South London. There's a map on Chris Marshall's roads web site, but I can't
quote the URL off-hand. Chris, if you're here can you do the honours?
(otherwise just look up any of his posts and it's in his sig)
Peter
I took a look just now...
Chris...
Your point about the A6...
It originally started as a branch of the A1 in the middle of Barnet before
the rambling A1 Barnet Bypass diversion via Hendon was built. That means
that it later became a branch of the A1000 Great North Road (which was what
the old A1 was re-numbered to from the top of Highgate Hill through Barnet
towards Hatfield).
It *is* there on your map, but just doesn't have an "A6" legend against it.

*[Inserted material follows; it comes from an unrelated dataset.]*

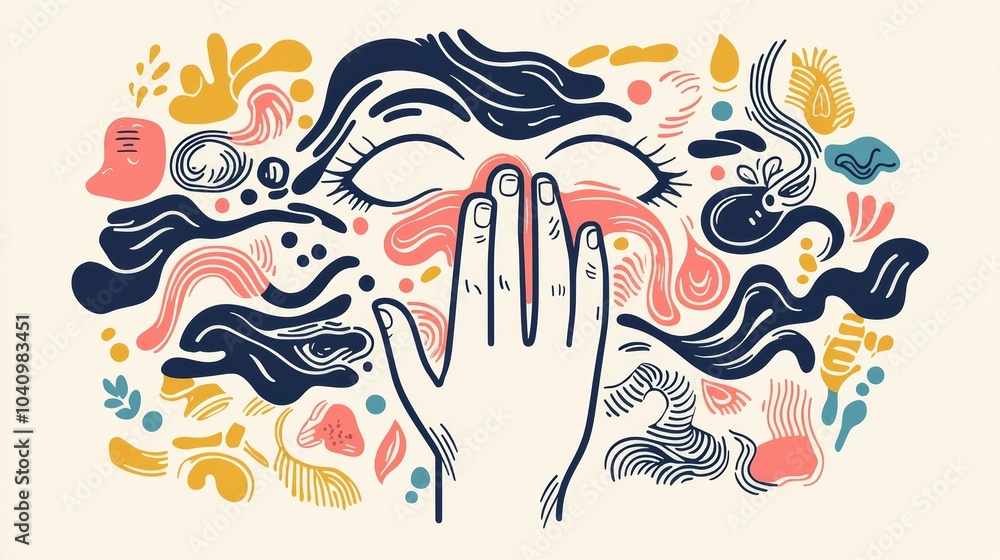 Obraz premium Silence in Chaos - Hand Covering Mouth with Swirling Patterns Background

Of course, the A6 was - in those days - a complete through route from London
(via A1) to Carlisle, via Barnet, S. Mimms, St Albans, Luton, etc, through
to Leicester, Derby, Buxton, Disley, Stockport, Manchester, Salford, Bolton,
Preston, Lancaster, Kendal and Shap. Today, many stretches don't officially
exist any more (deliberately renumbered to confuse drivers and make them
take longer routes) - as is also the case with A5 and a number of other
roads (A46 springs to mind).
I believe there are still plans to finish it at some point.
I have a feeling that the plans were to link it to the London inner ring
road that was abandoned some time ago.
Colin Bignell
Certainly, Peter, it's at the bottom of this post!
--
Chris Marshall
http://www.error-404.co.uk/roads
(Email spam-proofed)
I think these were officially scrapped in 1995 (someone who emailed me
quoted this) - the houses along the route were owned for decades by the
DOT/DETR and rented out but have now been sold off and other waste land
along the route has been developed - plus the unfinished junction at j7
where it would have been continued will now be turned into a roundabout. I
think it's fair to say that its completion is unlikely!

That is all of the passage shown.